DATA EXCERPT
═══

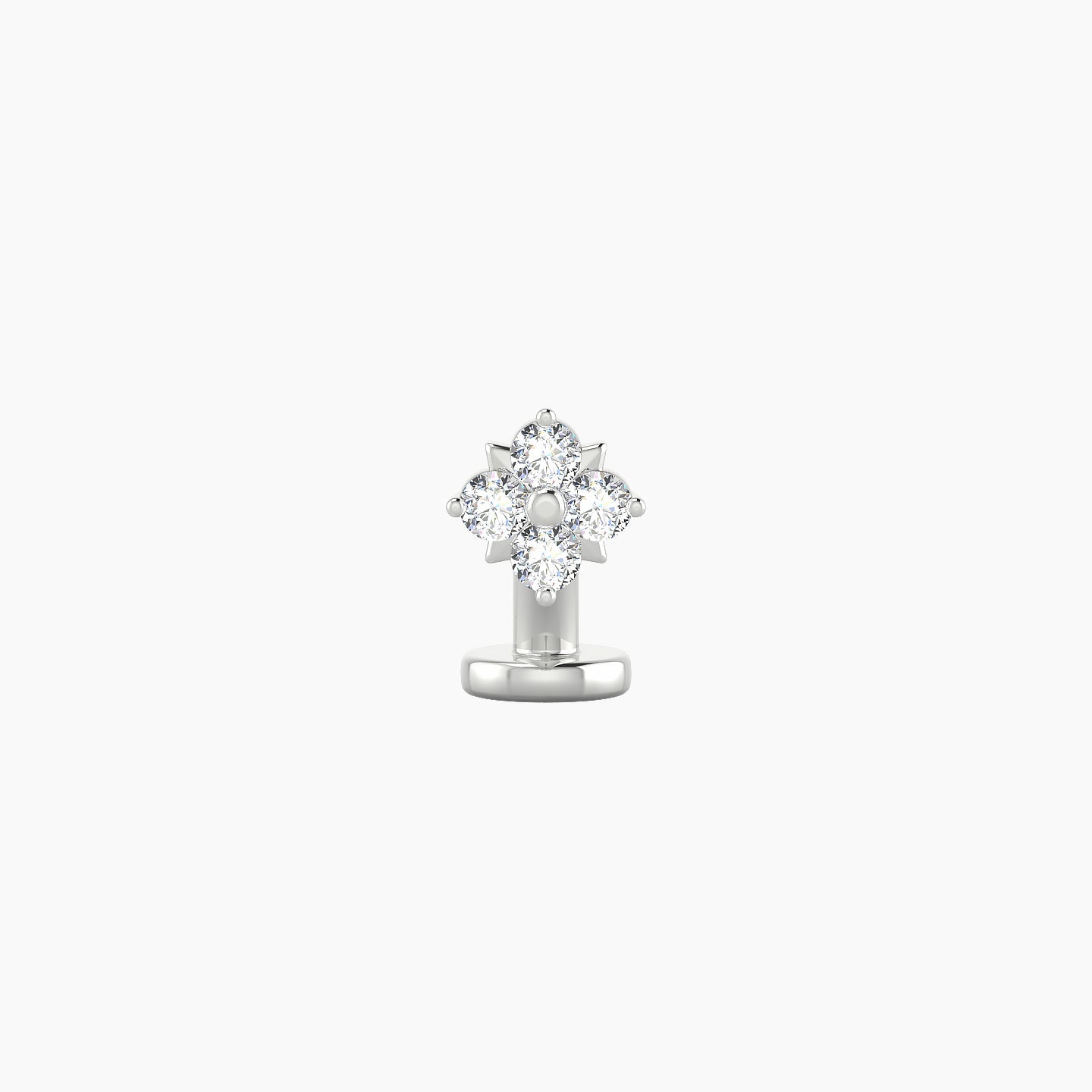 Nymph | 18k White Gold 5 mm 6 mm Flower Diamond Floating Navel Piercing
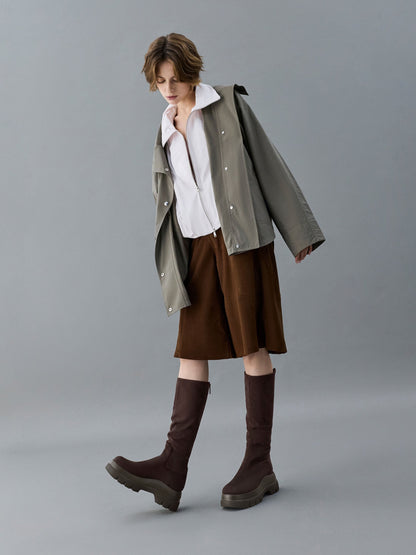 Leoi Faux Suede Chunky Knee-High Boots - Dark Brown Textured | CHARLES & KEITH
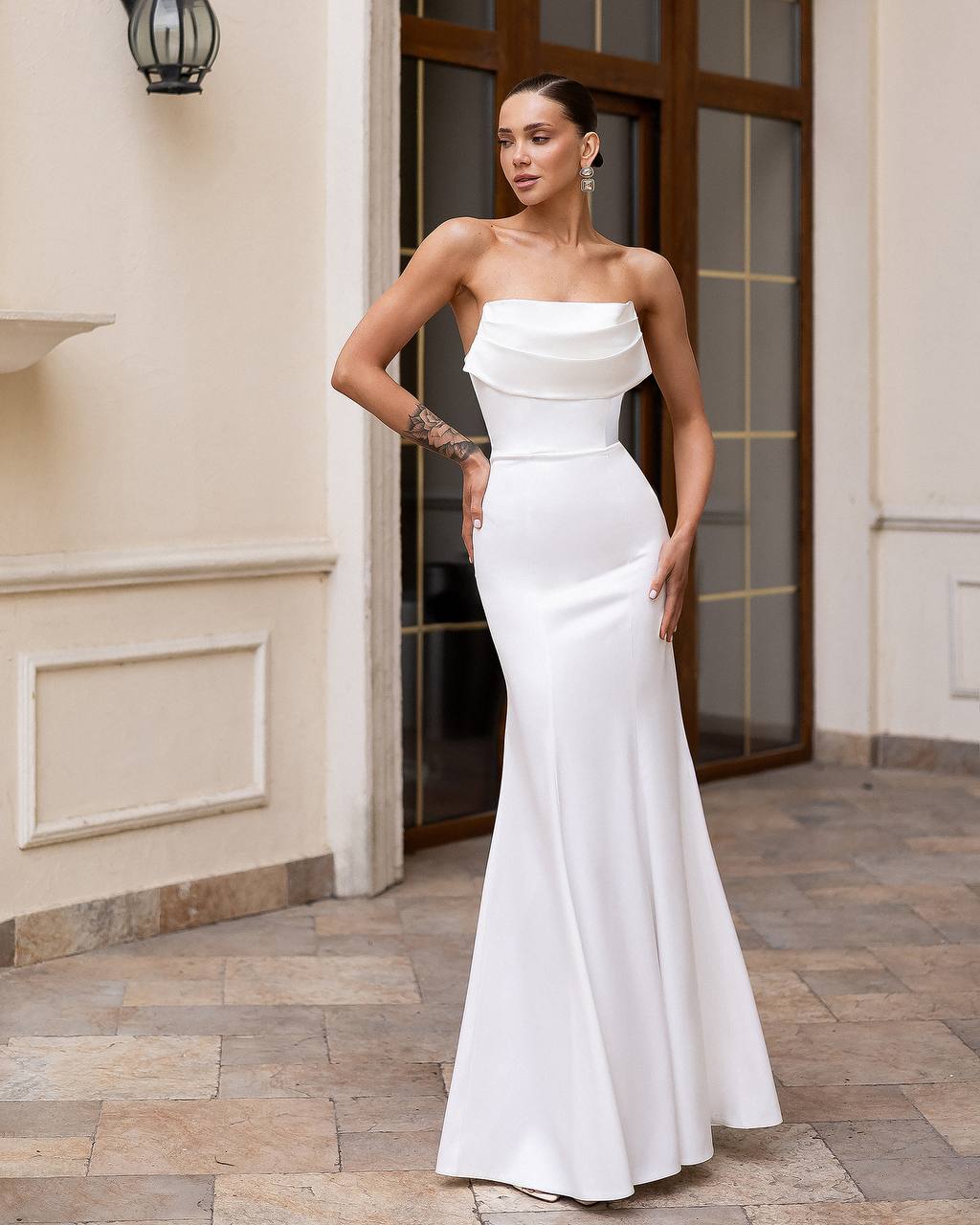 white maxi wedding dress White Wedding Satin Corset Mermaid Maxi Dress
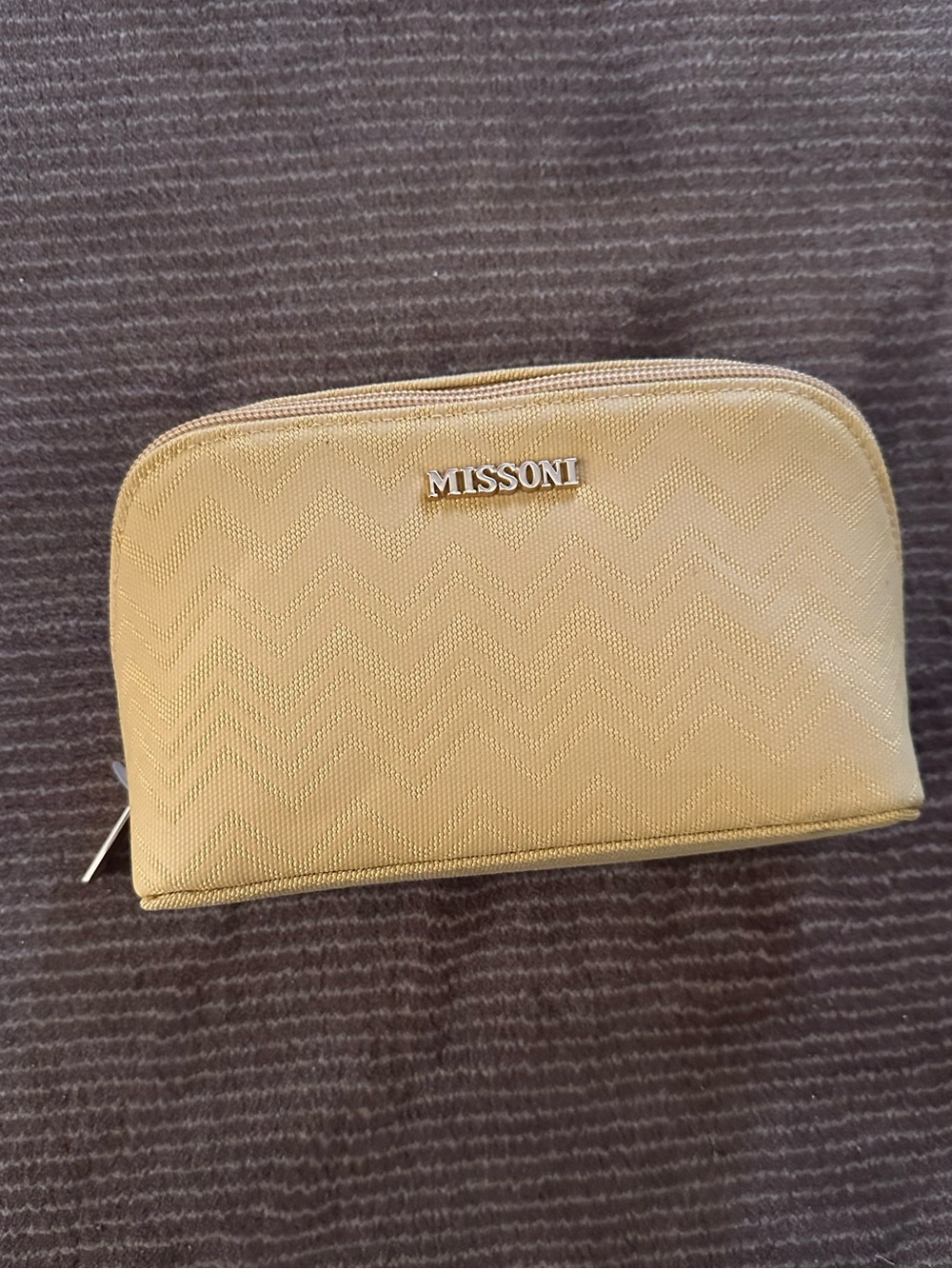 MISSONI Yellow Chevron Zip Pouch - DELTA ONE AMENITY BAG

═══

DESCRIPTION OF THE TASK
The reply should contain every line of the material exactly, and no images.

RESPONSE AREA
 Nymph | 18k White Gold 5 mm 6 mm Flower Diamond Floating Navel Piercing
 Leoi Faux Suede Chunky Knee-High Boots - Dark Brown Textured | CHARLES & KEITH
 white maxi wedding dress White Wedding Satin Corset Mermaid Maxi Dress
 MISSONI Yellow Chevron Zip Pouch - DELTA ONE AMENITY BAG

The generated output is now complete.